‘Gen Z’ workforce struggling to cope with challenges of early careers, survey finds
Recent college grads face mental, emotional challenges at work, study finds Recent college grads face…
BOSTON – New research reveals the “Gen Z” workforce is struggling to cope with the challenges of their early careers. Experts say part of the problem may be the constant comparison that comes from scrolling their smartphones.
“It’s a wakeup call! If these kids are living in a state day in and out where they just don’t ‘measure up,’ yes, it’s going to be more difficult for them to adapt to adulthood,” said job search and startup coach Amanda Portillo of Right Step Solutions. “When these kids or young people graduate from college, they now realize they have to start from the bottom like a lot of us did. They’re getting paid an entry level wage, and they’re also leaving with a tremendous amount of debt,” Portillo added.
The Boston-based Mary Christie Institute recently surveyed more than 1000 professionals in their 20s who hold bachelor’s degrees. According to the study, more than half needed emotional or mental health support, and that they experienced burnout at least once a week. More than a third said their work environment negatively impacted mental health. But some business leaders say that increased awareness isn’t a bad thing.

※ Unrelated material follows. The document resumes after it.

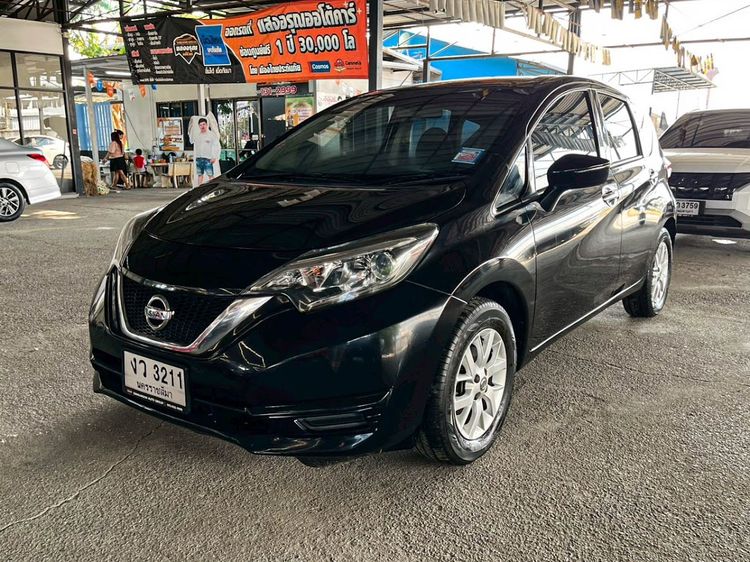Nissan Note 2018 1.2 V Sedan เบนซิน ไม่ติดแก๊ส เกียร์อัตโนมัติ ดำ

“Many of them are not just suffering but they’re doing something proactively about it which is really healthy and they’re willing to talk about it,” said Kathleen E. R. Murphy of Market Me Too.

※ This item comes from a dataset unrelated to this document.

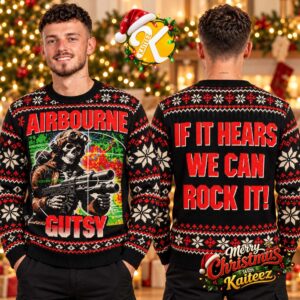 Airbourne Predator If It Hears We Can Rock It Ugly Sweater
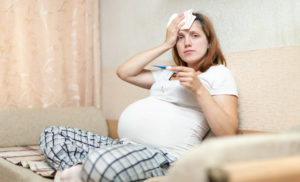 повышение температуры при поносе у беременной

Murphy is a business and marketing pro who also coaches and teaches. She acknowledges the next generation of workers is different. Only half of her college students recently received extra credit for an assignment that required a phone call.

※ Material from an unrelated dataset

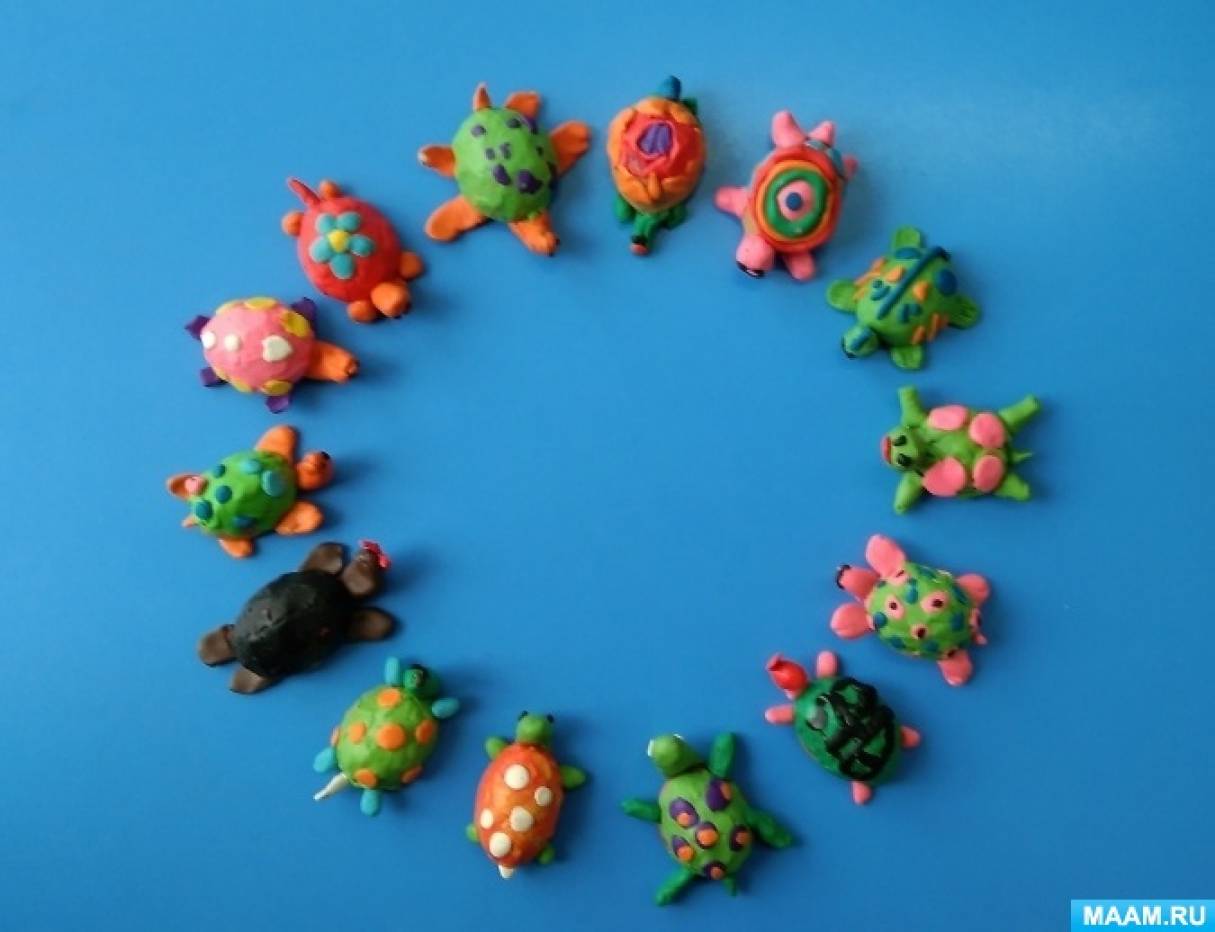 Конспект ОД по лепке с использованием скорлупы грецкого ореха «Черепахи» с детьми дошкольного возраста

“Most of them thought they needed some kind of a script to be able to feel comfortable to do that,” she was surprised to discover.
Both Portillo and Murphy see value in mindset related training and life skills curriculum for young students as early as middle school.
The survey does point out the unprecedented variables of constant screen-communication, and perhaps blurred lines between work and home life when more people now work from home.